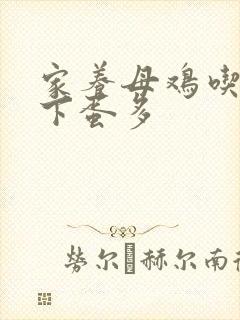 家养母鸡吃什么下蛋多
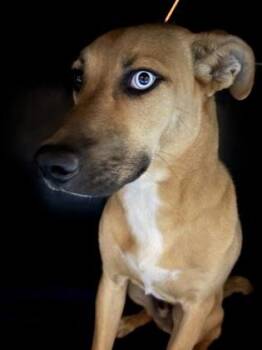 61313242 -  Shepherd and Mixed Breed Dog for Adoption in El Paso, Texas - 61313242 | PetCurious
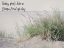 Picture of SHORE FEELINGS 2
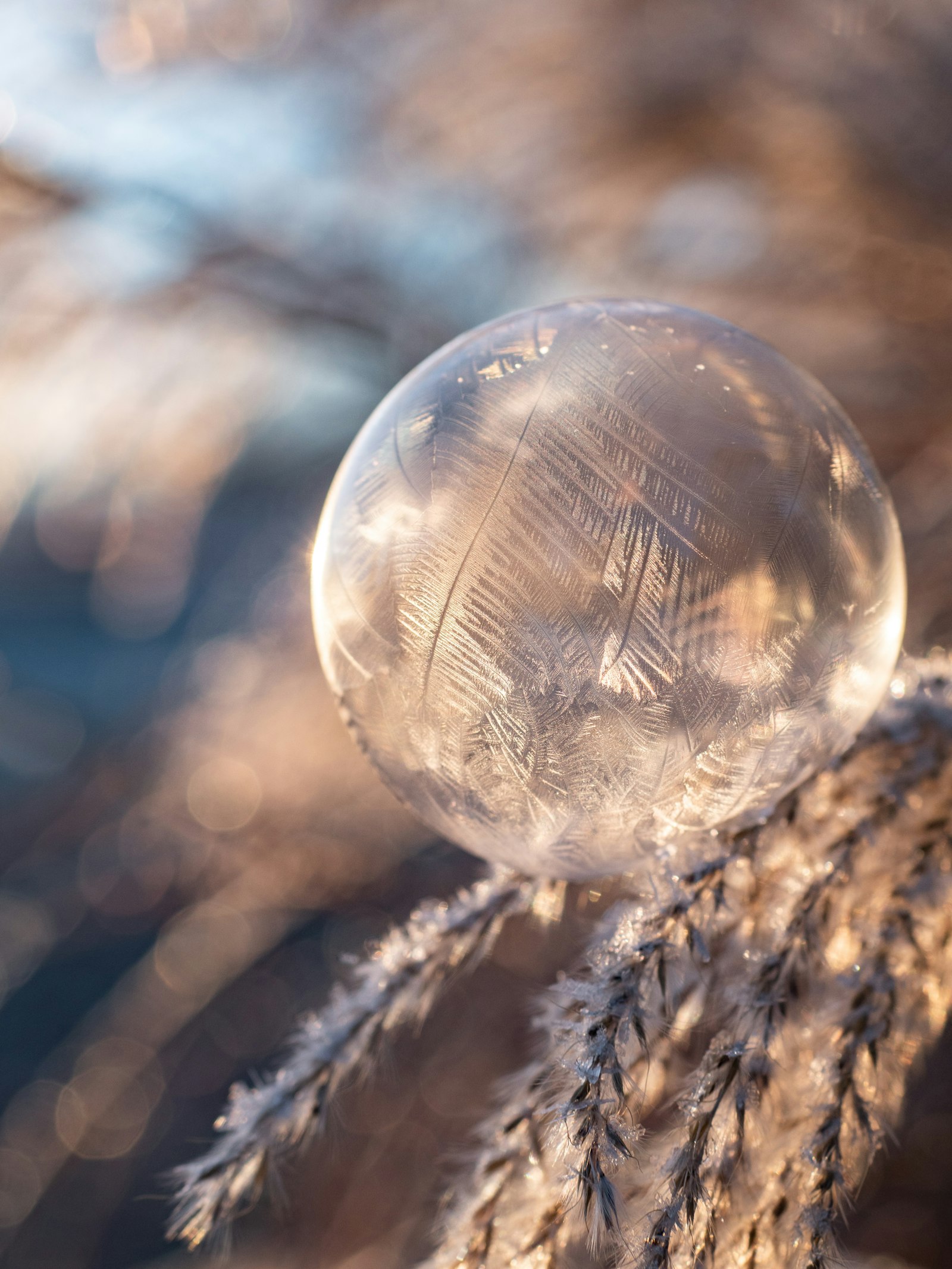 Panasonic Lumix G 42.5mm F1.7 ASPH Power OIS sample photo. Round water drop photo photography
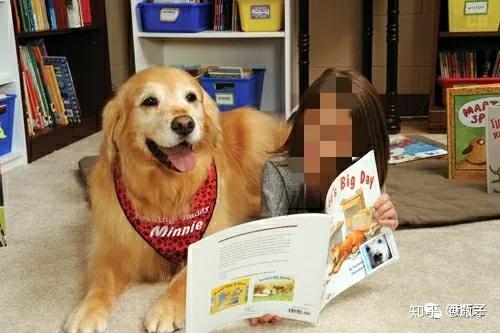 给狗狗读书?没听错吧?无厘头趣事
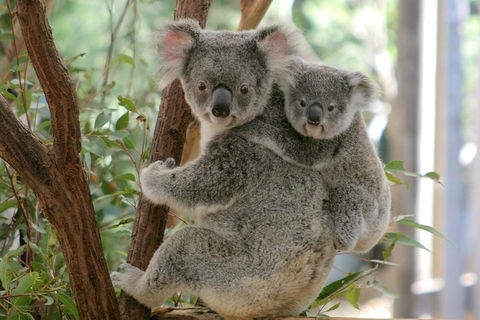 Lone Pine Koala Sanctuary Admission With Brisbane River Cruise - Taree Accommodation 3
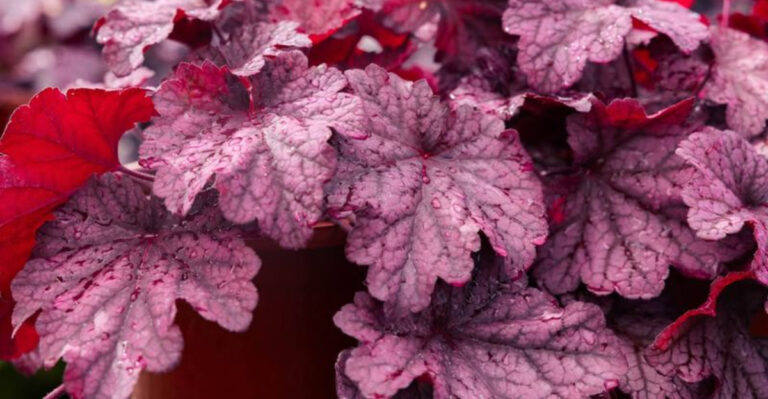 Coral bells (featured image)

####################

Beginning with the line with "给狗狗读书?没听错吧?无厘头趣事", repeat the entries above exactly, up to and including the last line, leaving out pictures.

 给狗狗读书?没听错吧?无厘头趣事
 Lone Pine Koala Sanctuary Admission With Brisbane River Cruise - Taree Accommodation 3
 Coral bells (featured image)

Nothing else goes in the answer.